Pheasant Creek is a locality in Victoria to the east of Kinglake West and to the west of Kinglake Central. Named after the creek that passes through the north of the town, Pheasant Creek is a largely residential area with moderately sized bush blocks connecting pine plantations to the north with the Kinglake National Park to the south. Pheasant Creek also contains a small industrial estate hosting a variety of small businesses, and a small commercial area consisting of a General Store, Bakery and Gym.

==Features and amenities==
Pheasant Creek Post Office opened around 1902.
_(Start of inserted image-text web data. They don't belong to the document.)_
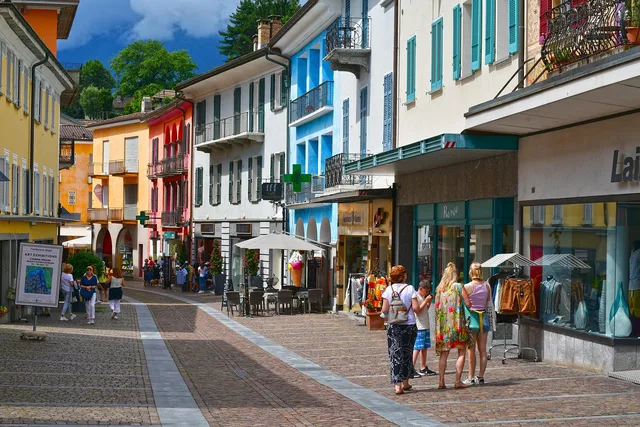 switzerland, street, city, city life, shops, shopping, stores. Évaluer l'intensité concurrentielle avec les données de l'OFS : créations et fermetures d'entreprises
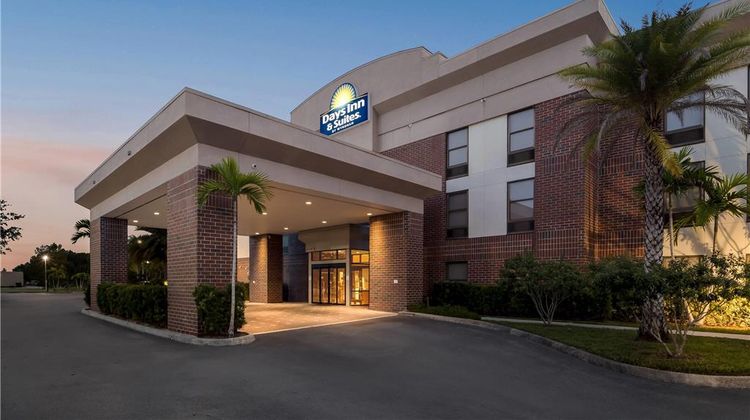 Days Inn & Suites Ft Myers nr JetBlue Pk Exterior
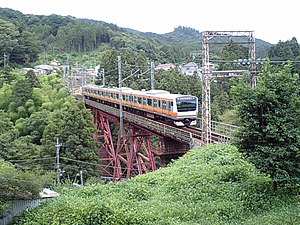 青梅線を走行するE233系電車（2011年7月 二俣尾駅 - 軍畑駅間）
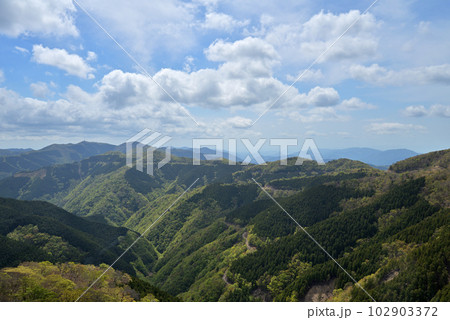 ごまさんスカイタワーからの景色(和歌山県田辺市龍神村龍神) ごまさんスカイタワーからの景色(和歌山県田辺市龍神村龍神) 102903372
Due to its low population and close proximity to Kinglake West, Pheasant Creek has little in the way of community services. While the General Store handles basic supplies and post services, many residents travel to nearby Kinglake or Whittlesea for shopping and health services, while students generally attend Kinglake West Primary School and Whittlesea Secondary College

== Transport ==

=== Bus ===
Pheasant Creek is served by the 384 bus route, connecting Pheasant Creek to Kinglake, Humevale and Whittlesea. To travel further south from Whittlesea, you can transfer on route 382 (Whittlesea - Northland SC via South Morang) or route 385.
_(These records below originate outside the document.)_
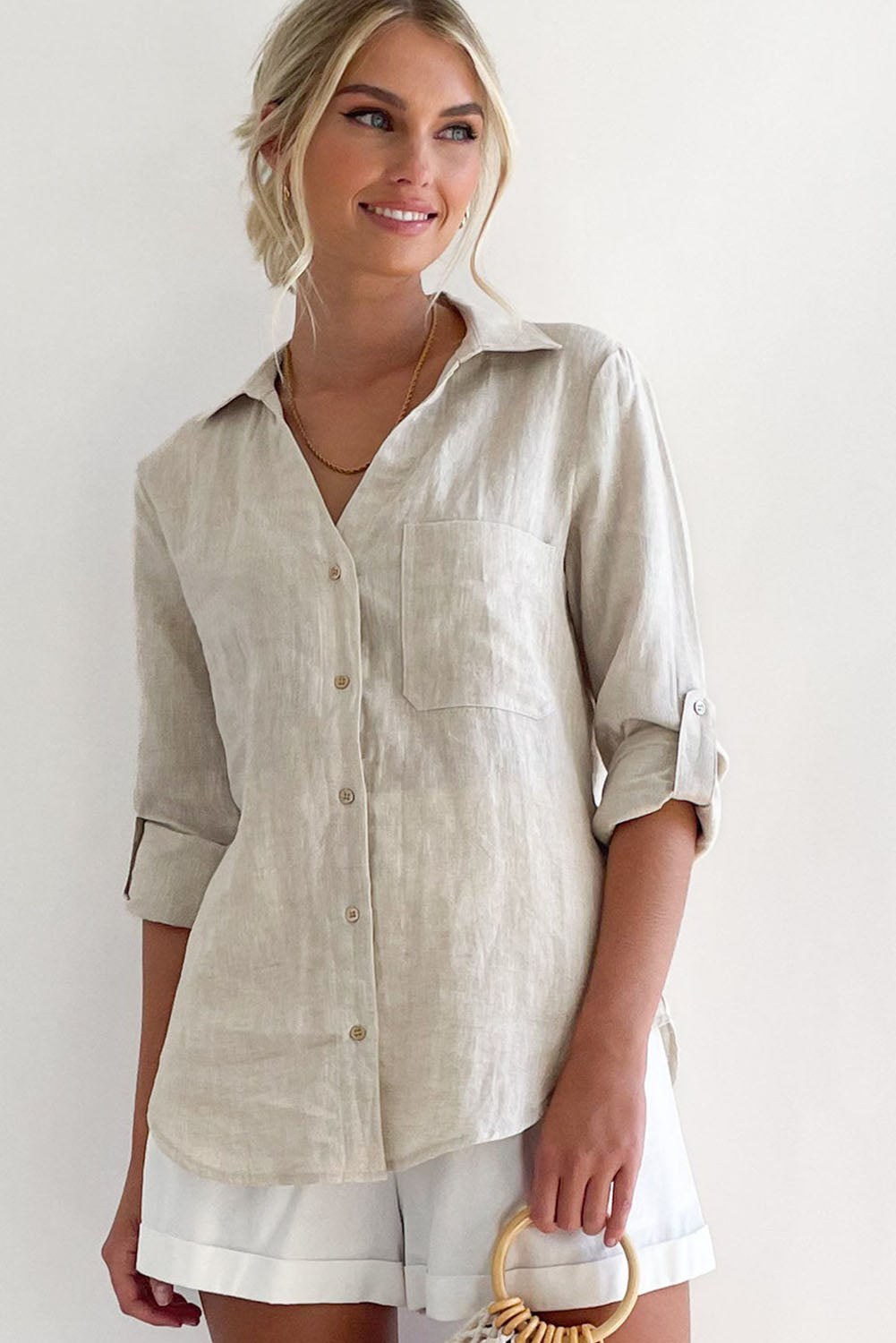 Chemise en lin décontractée à manches longues beige avec languette roulée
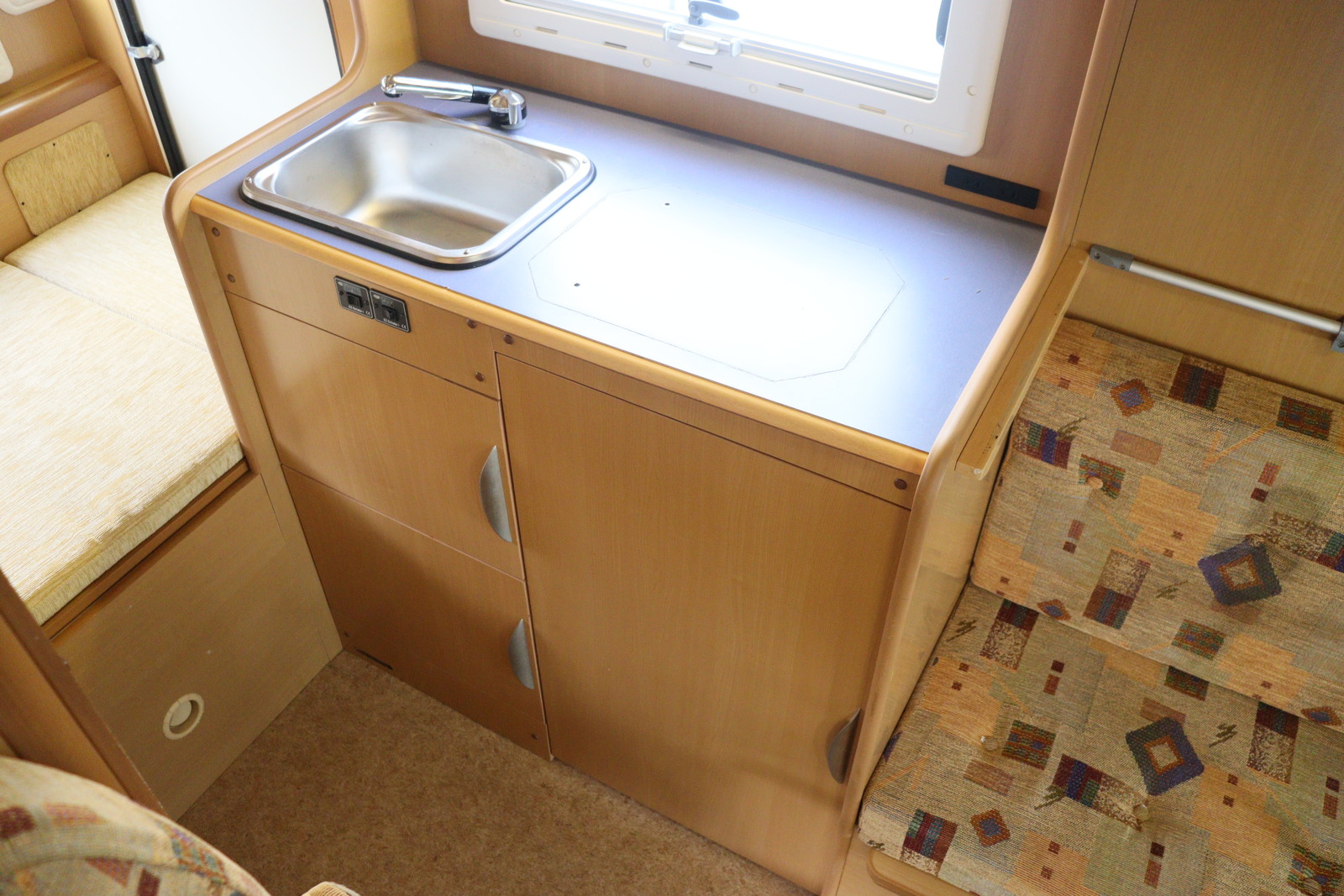 キャンピングカーキャブコン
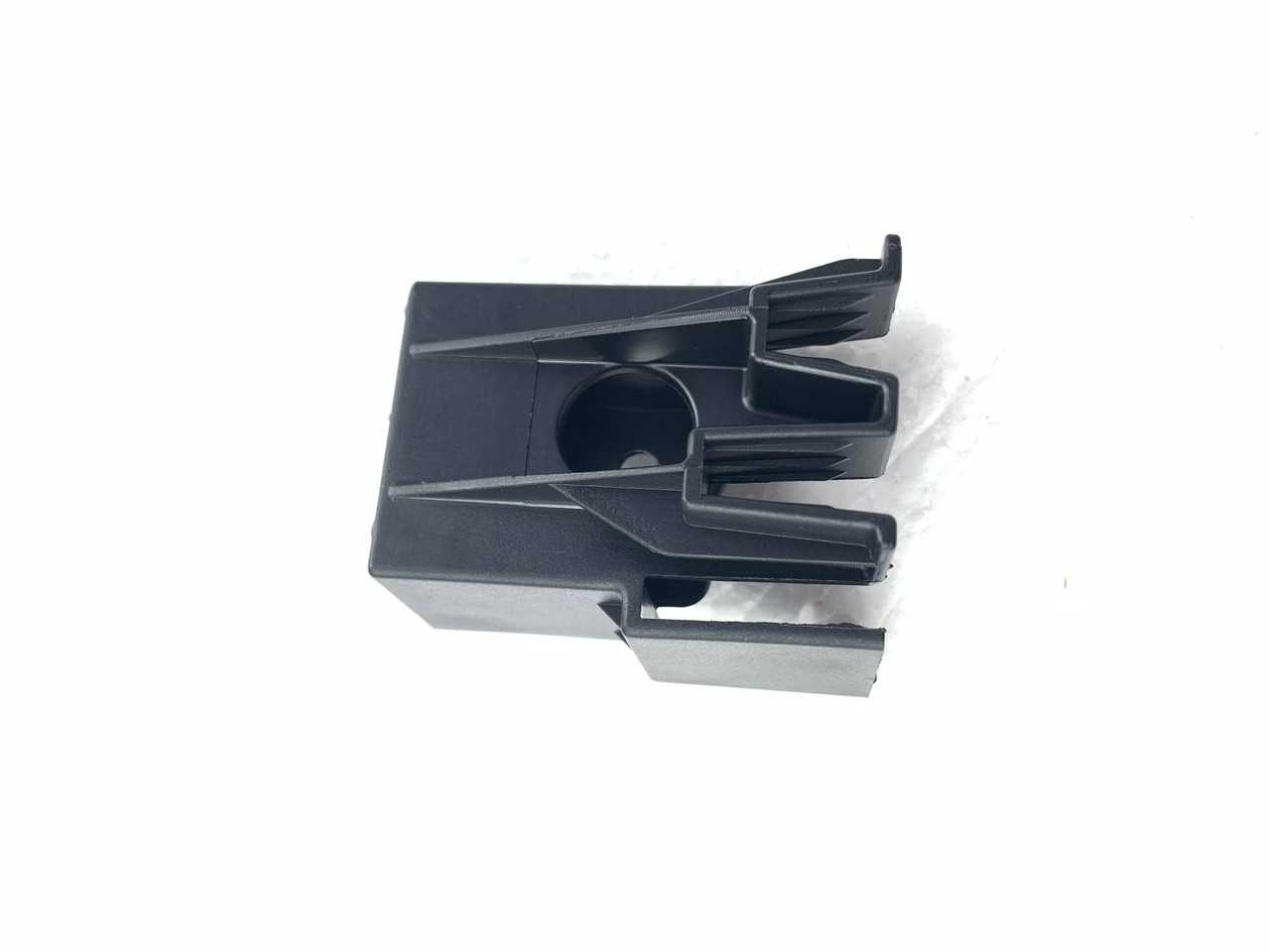 3131152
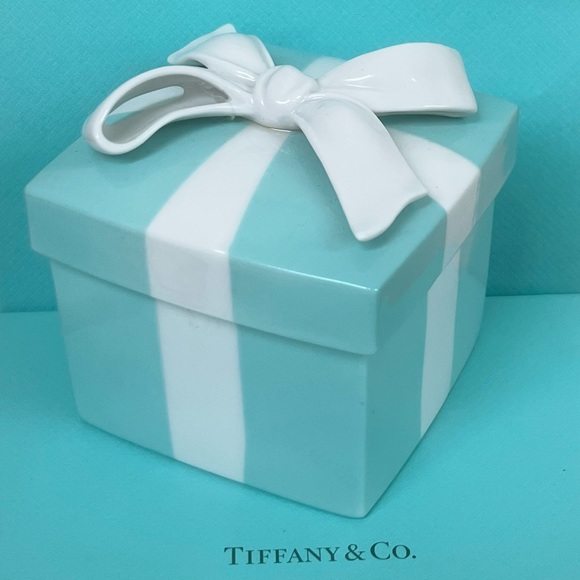 🔴Authentic TIFFANY & CO Large Blue Enamel Trinket Box🔴 - Picture 1 of 12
A daily V/Line Melbourne to Mansfield coach service also passes through nearby Kinglake West.

== 2009 bushfires ==
Pheasant Creek was one of the towns impacted by the 2009 Victorian bushfires. While surrounding localities on all sides were all largely devastated, Pheasant Creek suffered major losses primarily on its southern edge in areas surrounding the national park, while the northern area remained largely untouched.